AIM OF THE TASK: Please transcribe exactly the lines from the line holding "Distintivo con logo" through the end of the data below, and skip any pictures.

______________________________

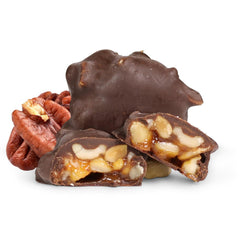 Chocolate Caramel Rice Crispies Clusters Red Gift Box - by It's Delish | 12 OZ Premium Dark Chocolate Covered Crips Rice Nuts with Carmel Cluster without Nuts | Christmas Gifts Box of Chocolates Candy Turtles – Vegan, Kosher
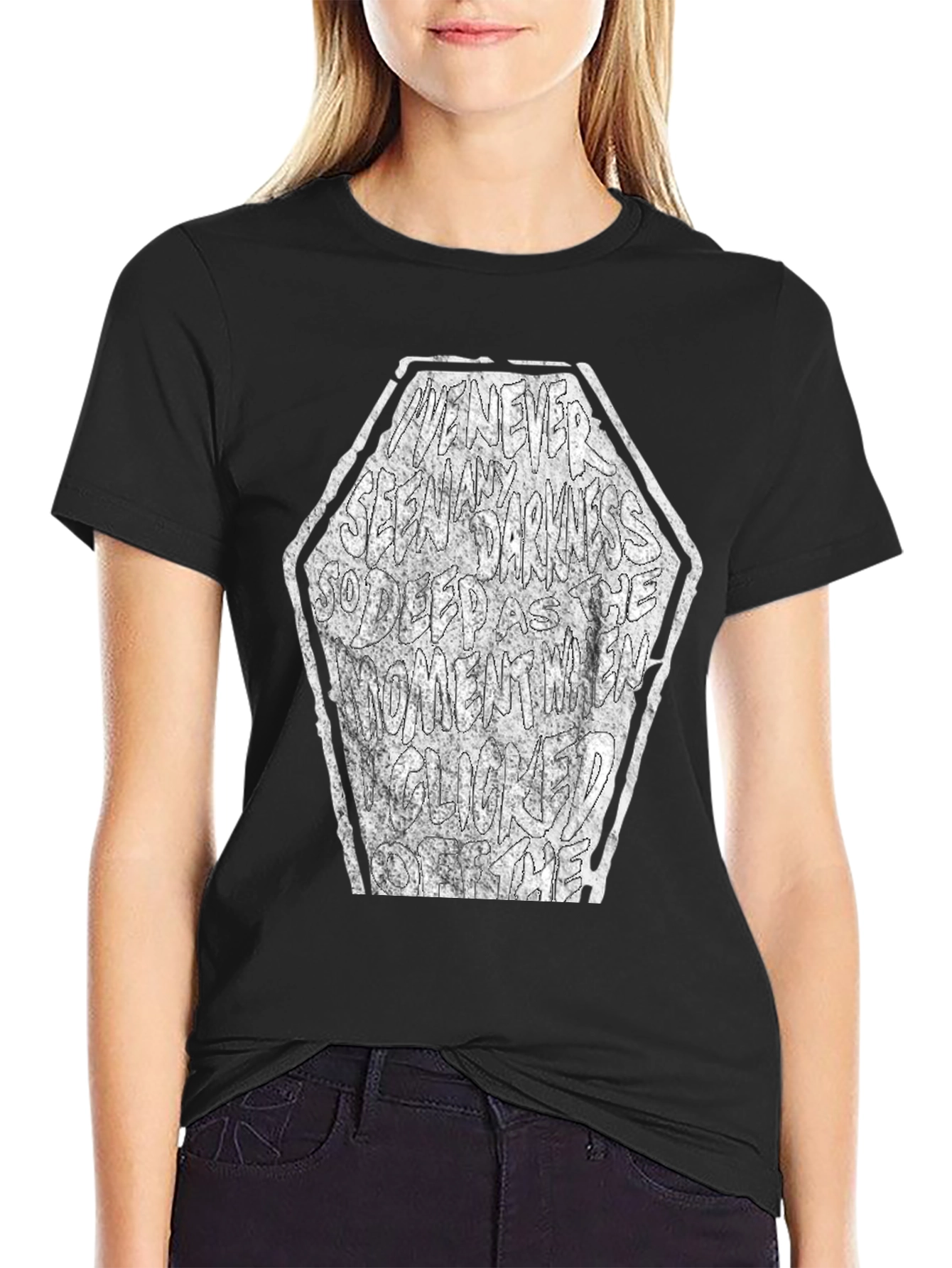 Dark Text Graphic Tee - Coffin Shape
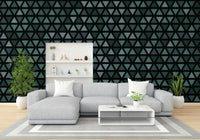 Stylish teal wall mural featuring layered triangle shapes.

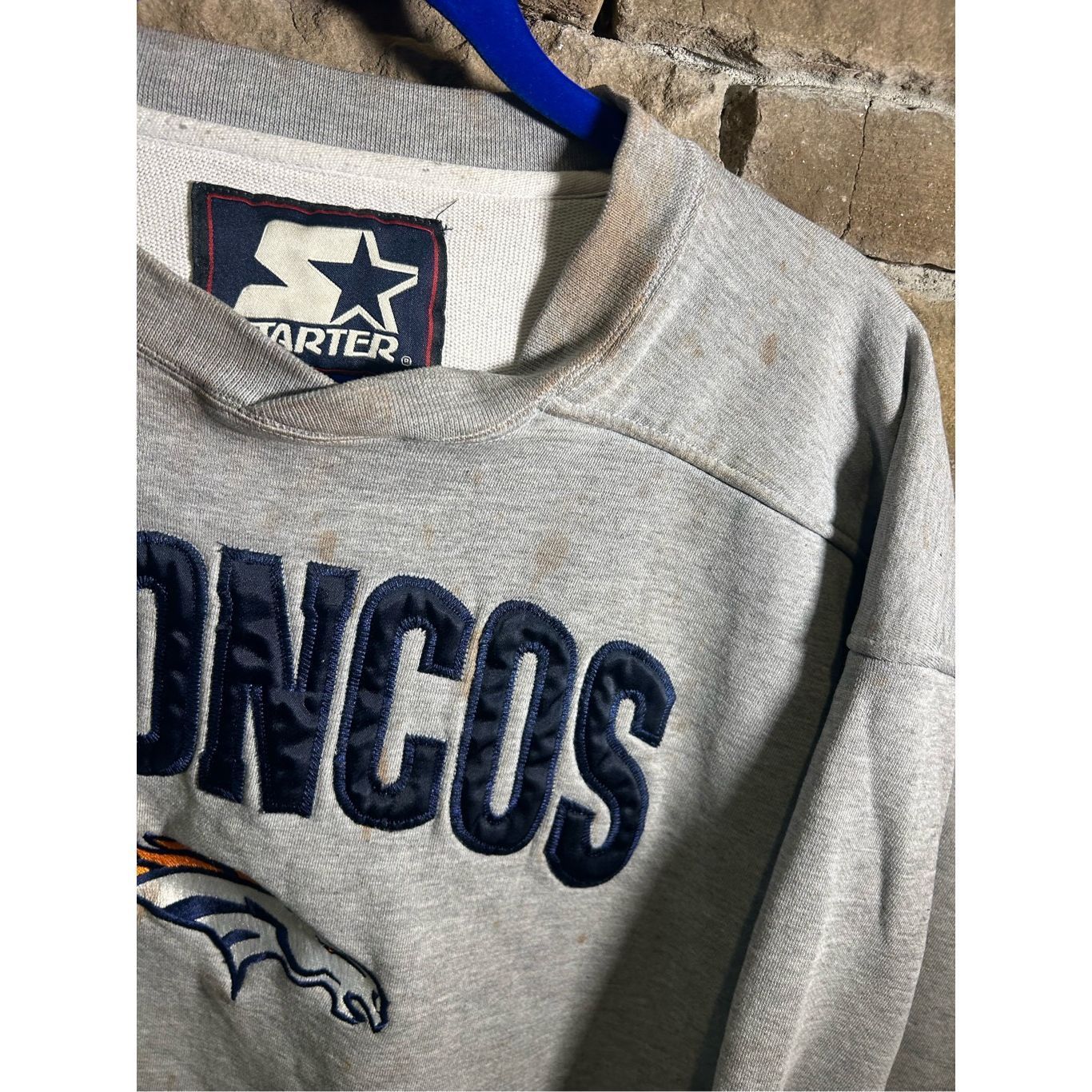 Starter Vintage 1990s Denver Broncos Starter Embroidered Sweatshirt Crewneck Size US XXL / EU 58 / 5 - 7 Thumbnail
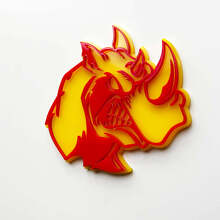 Distintivo con logo 3D Rhino Angry - Emblema parafango personalizzato per auto, camion e SUV Rosso contro giallo
 2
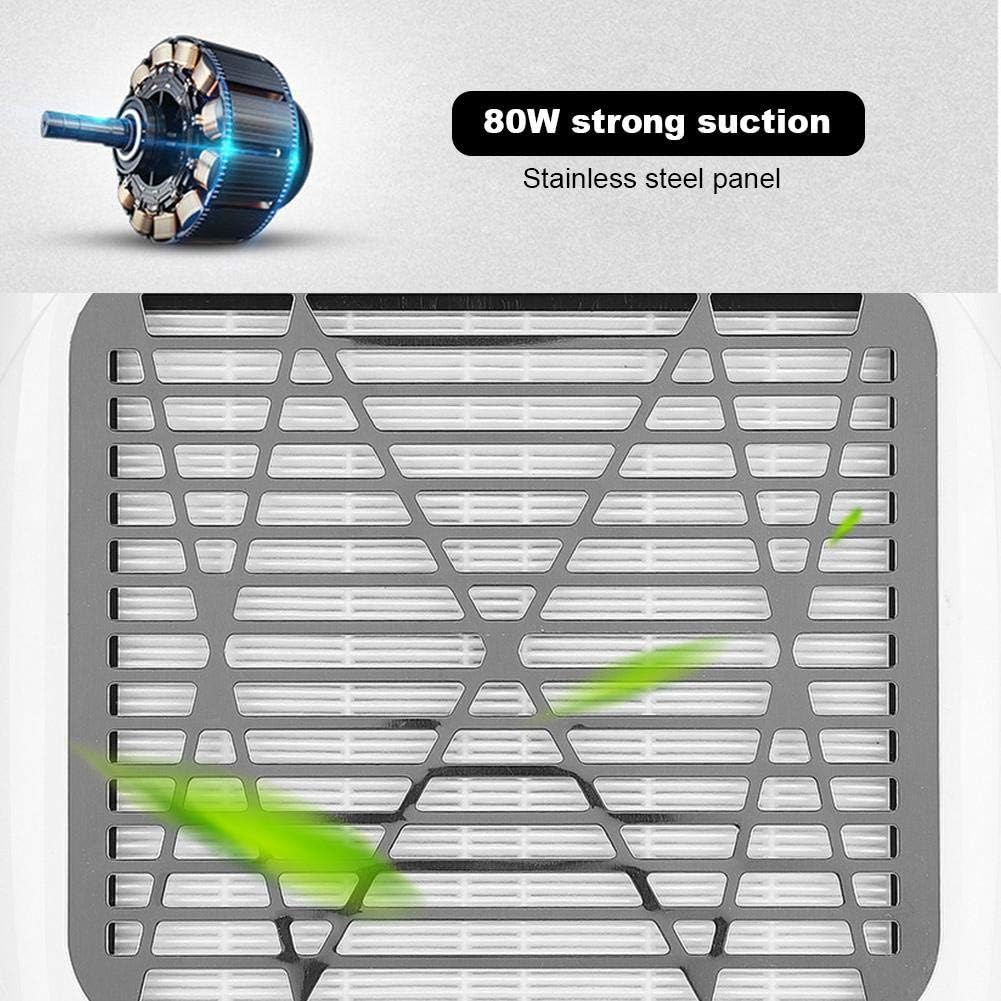80W Nail Dust Collector, Nail Dust Suction Fan Nail Vacuum Cleaner with Filter for Nails Fan Professional Manicure Pedicure Art(US)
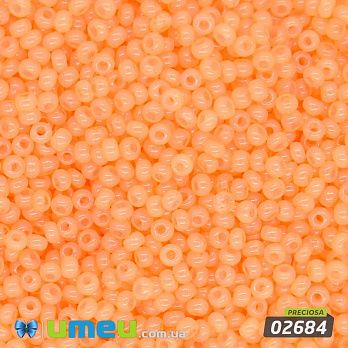 Бісер чеський №439/02684, Помаранчевий світлий, Алебастровий, 10/0 (BIS-043794)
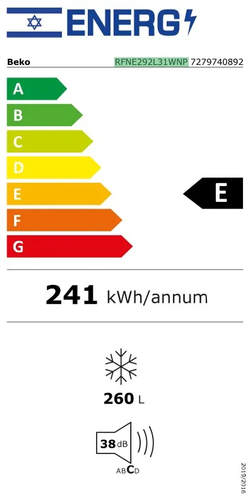 מקפיא 7 מגירות 260 ליטר דגם RFNE292L31WNP בקו BEKO כסף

______________________________

EXERCISE OUTPUT:
 Distintivo con logo 3D Rhino Angry - Emblema parafango personalizzato per auto, camion e SUV Rosso contro giallo
 2
80W Nail Dust Collector, Nail Dust Suction Fan Nail Vacuum Cleaner with Filter for Nails Fan Professional Manicure Pedicure Art(US)
 Бісер чеський №439/02684, Помаранчевий світлий, Алебастровий, 10/0 (BIS-043794)
 מקפיא 7 מגירות 260 ליטר דגם RFNE292L31WNP בקו BEKO כסף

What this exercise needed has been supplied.